The Catholic Church has adamantly and historically denounced the practice of abortion in all forms, based on the belief that all life begins at conception.
In direct opposition to the Catholic Church, Georgetown University — the oldest Catholic college in the United States — is allowing on campus the pro-abortion club, Medical Students for Choice (MSFC).
The organization encourages “residency training sites with the intention of becoming abortion providers,” according to the group’s website.
The goal is apparently not to provide medical students and residents with the best skillset and comprehension to be the finest surgeons or providers of medicine. The goal of MSFC is to train future abortionists with hands-on experience. There are even workshops to provide training in the procedure known as “manual vacuum aspiration” on papayas (yes, you read that right).
Abortion is not simply the removal of a mass of tissue. It is the termination of human life. It is the brutal removal of an infant from the womb via chemicals, vacuum, or instrumentation. It is not a heroic act — but a horrific one. The idea that a premier Catholic university would harbor or even encourage such rebellion to traditional beliefs is appalling.
The modern Hippocratic Oath taken by many physicians across medical schools nationwide states: “Above all, I must not play God.” Physicians pledge themselves to a life of service to treat those who are sick — not to take the viable lives of those who are the most vulnerable. At a school that has long had such a rich history of faith, the disrespect toward life is immensely disappointing.
In the report by TFP (Tradition Family Property) Student Action, director John Ritchie said, “Georgetown University, a Catholic institution, can’t claim to be committed to the sanctity and dignity of human life while allowing a club that teaches medical students how to kill unborn children.”
Either the university holds to traditional, standard Catholic views — or it does not. There is no room for middle ground here.
Most people know the medical pledge attributed to Hippocrates: “First do no harm,” or in Latin, “primum non nocere.”Although not considered part of the Hippocratic oath, this pledge certainly sums up what should be the foundation of physician practice. This should be a profession focused entirely on healing, curing, and mending, not a calling to kill.
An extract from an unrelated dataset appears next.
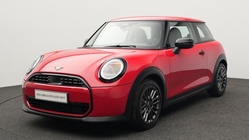 MINI Cooper 2025
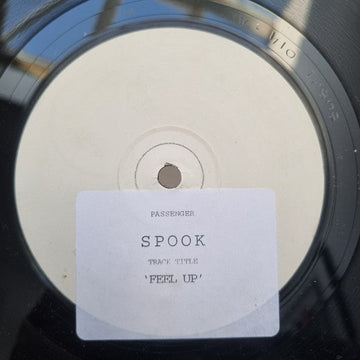 Spook - Feel Up Vinyl Vinly Record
Those who are pro-life must remain vigilant in standing for the unborn. Science continues to support life in the womb as does the foundation of faith that God is the creator of all human life. And the youngest, most inexperienced in the medical profession should certainly not be led astray at a university of such upstanding caliber.
Katie Nations is a working mother of three young children. She lives in Oklahoma City, Oklahoma.